#### [What is expected]
Output the data below only from the line containing "Amerikalı polisler, Isparta'da" up to and including the line containing "2/19 Downs Street, Redcliffe QLD 4020", exact and with the pictures left out.

#### [Input]
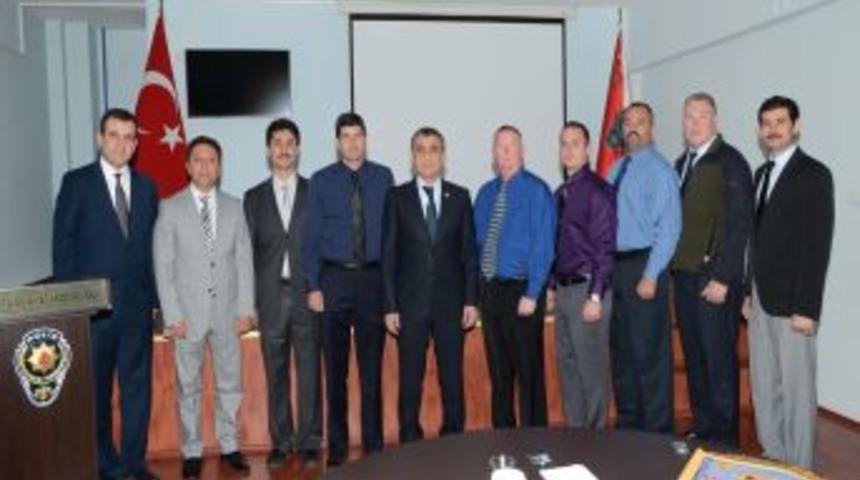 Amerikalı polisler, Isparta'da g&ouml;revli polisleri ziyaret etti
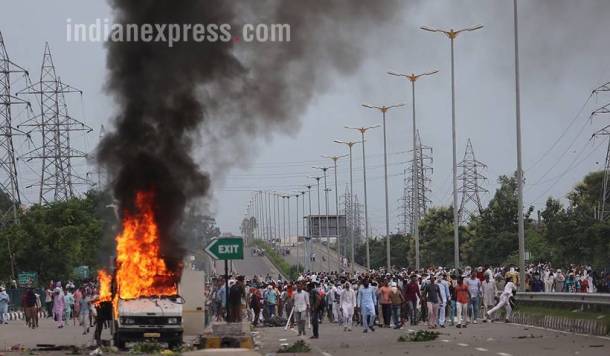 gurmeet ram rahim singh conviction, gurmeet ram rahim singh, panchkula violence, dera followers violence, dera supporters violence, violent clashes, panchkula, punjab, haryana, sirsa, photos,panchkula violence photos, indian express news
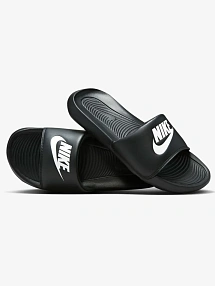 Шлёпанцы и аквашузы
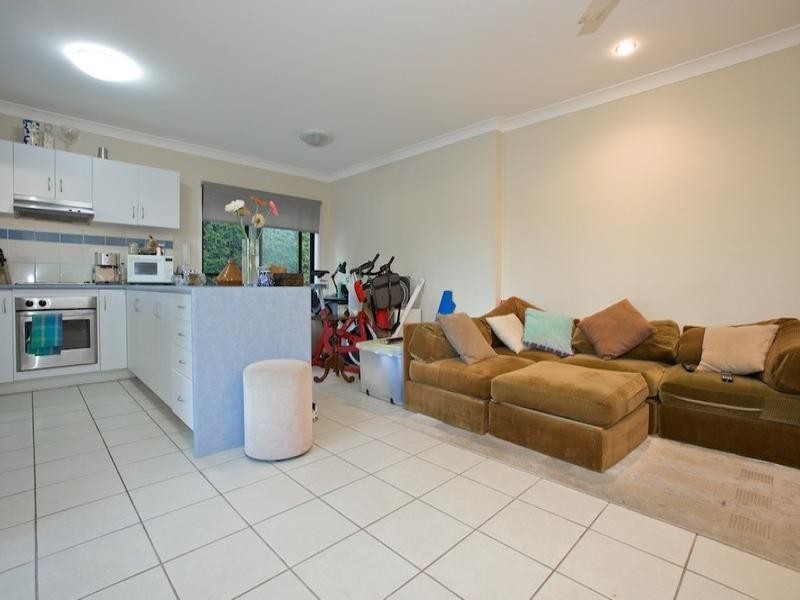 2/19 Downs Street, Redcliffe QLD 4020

--

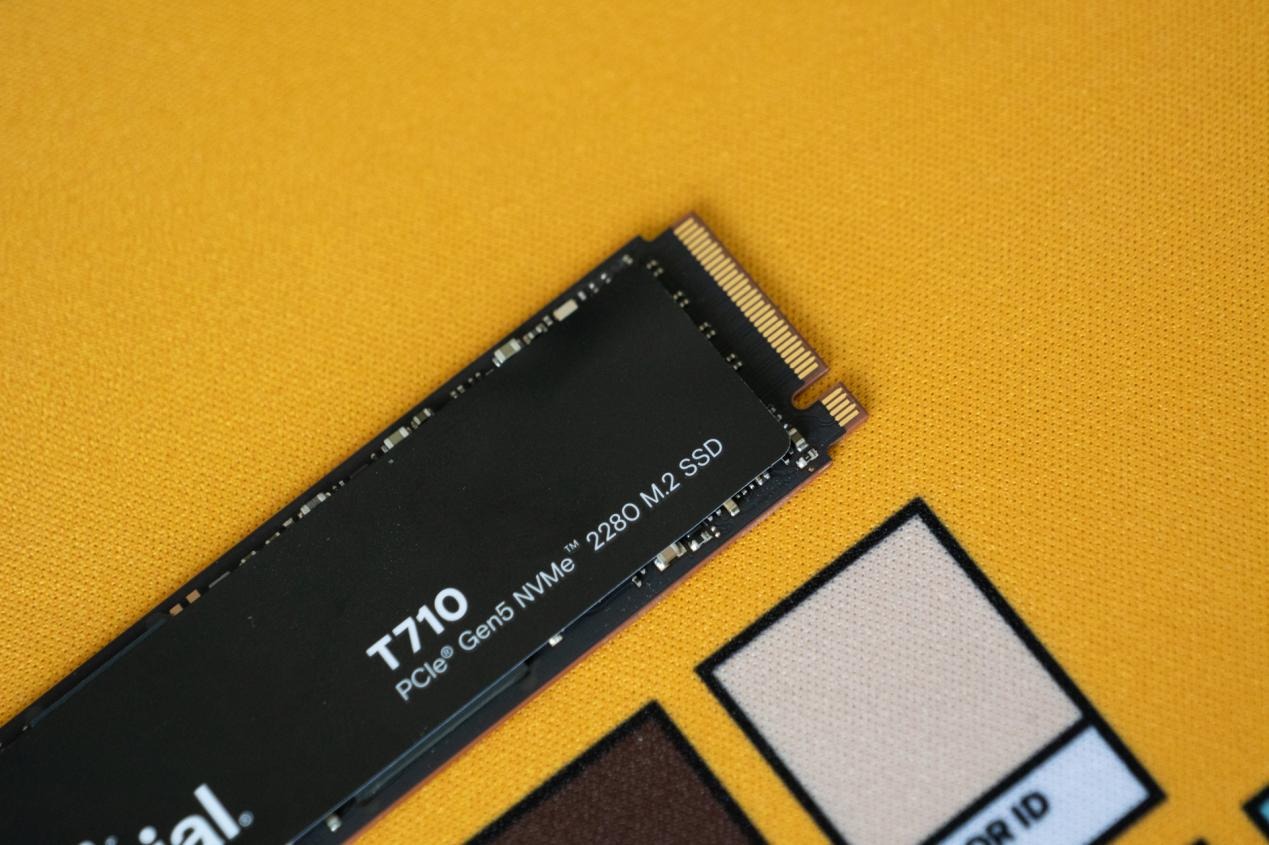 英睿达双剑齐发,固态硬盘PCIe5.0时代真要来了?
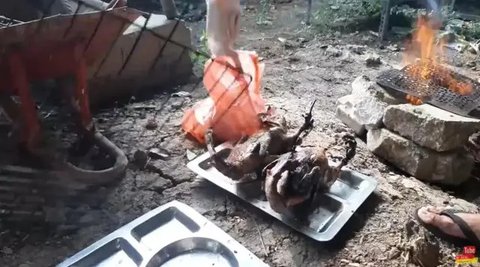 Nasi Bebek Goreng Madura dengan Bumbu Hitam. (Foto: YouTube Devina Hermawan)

* * *

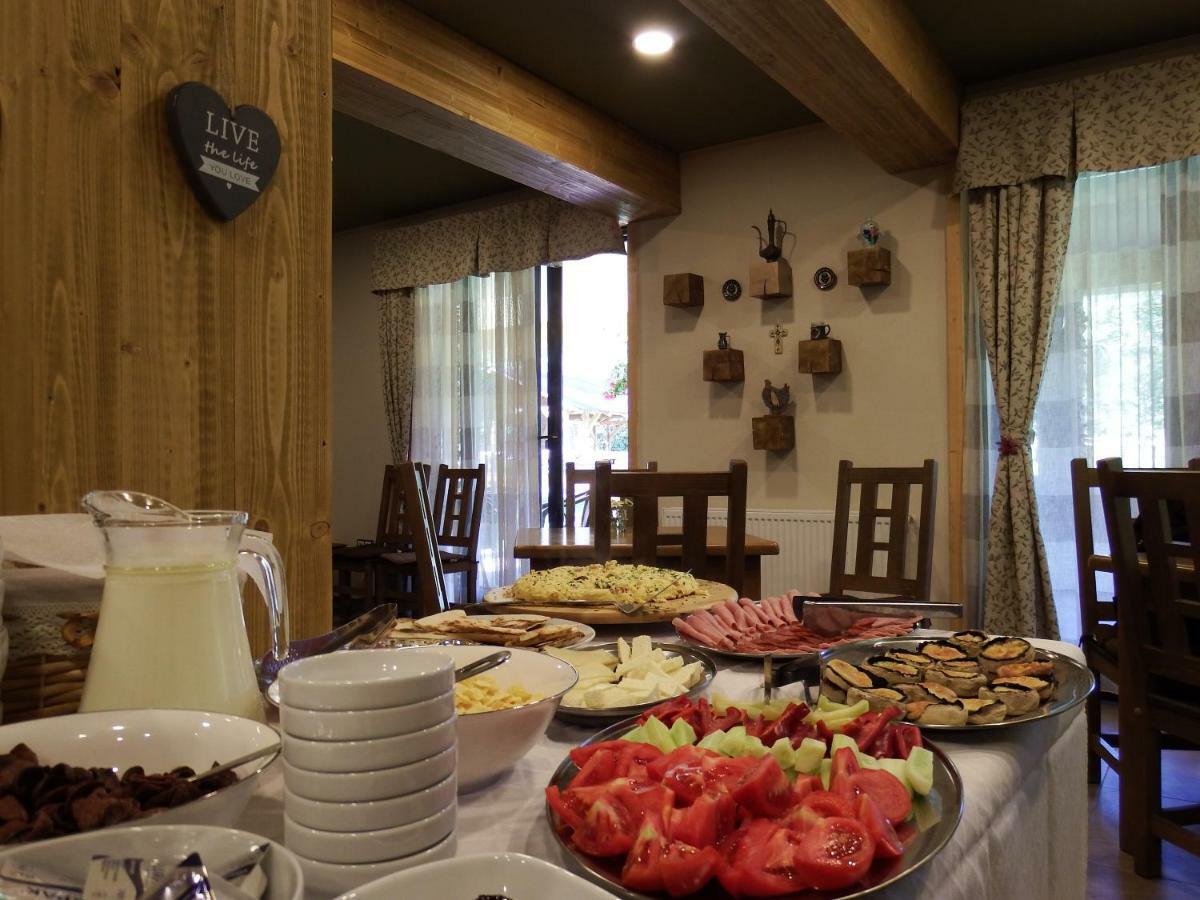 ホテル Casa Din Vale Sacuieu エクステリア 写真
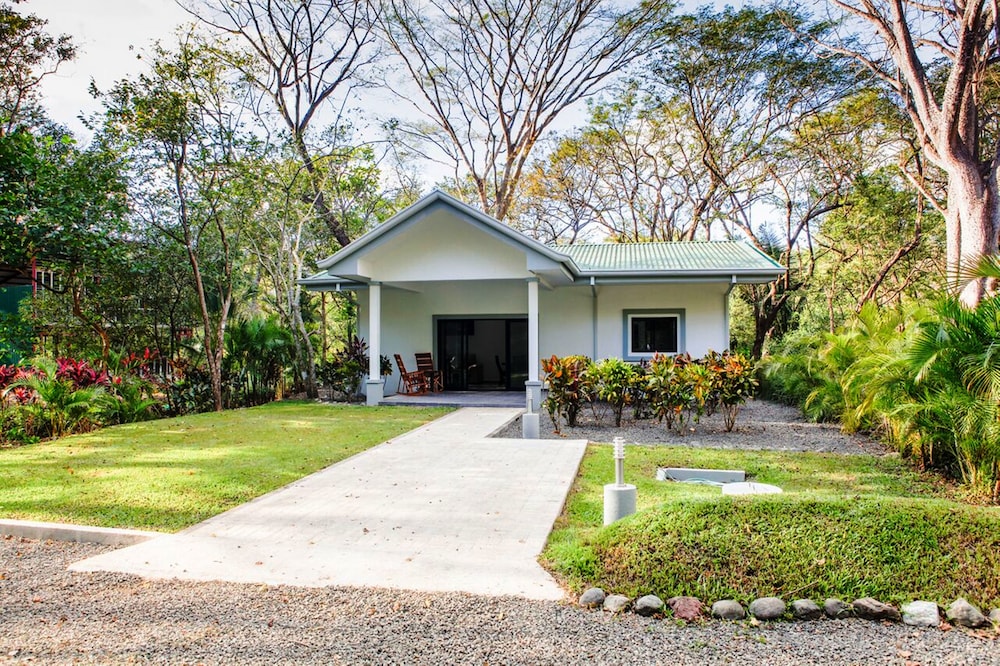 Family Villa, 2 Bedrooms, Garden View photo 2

#### [Result]
 Amerikalı polisler, Isparta'da g&ouml;revli polisleri ziyaret etti
 gurmeet ram rahim singh conviction, gurmeet ram rahim singh, panchkula violence, dera followers violence, dera supporters violence, violent clashes, panchkula, punjab, haryana, sirsa, photos,panchkula violence photos, indian express news
 Шлёпанцы и аквашузы
 2/19 Downs Street, Redcliffe QLD 4020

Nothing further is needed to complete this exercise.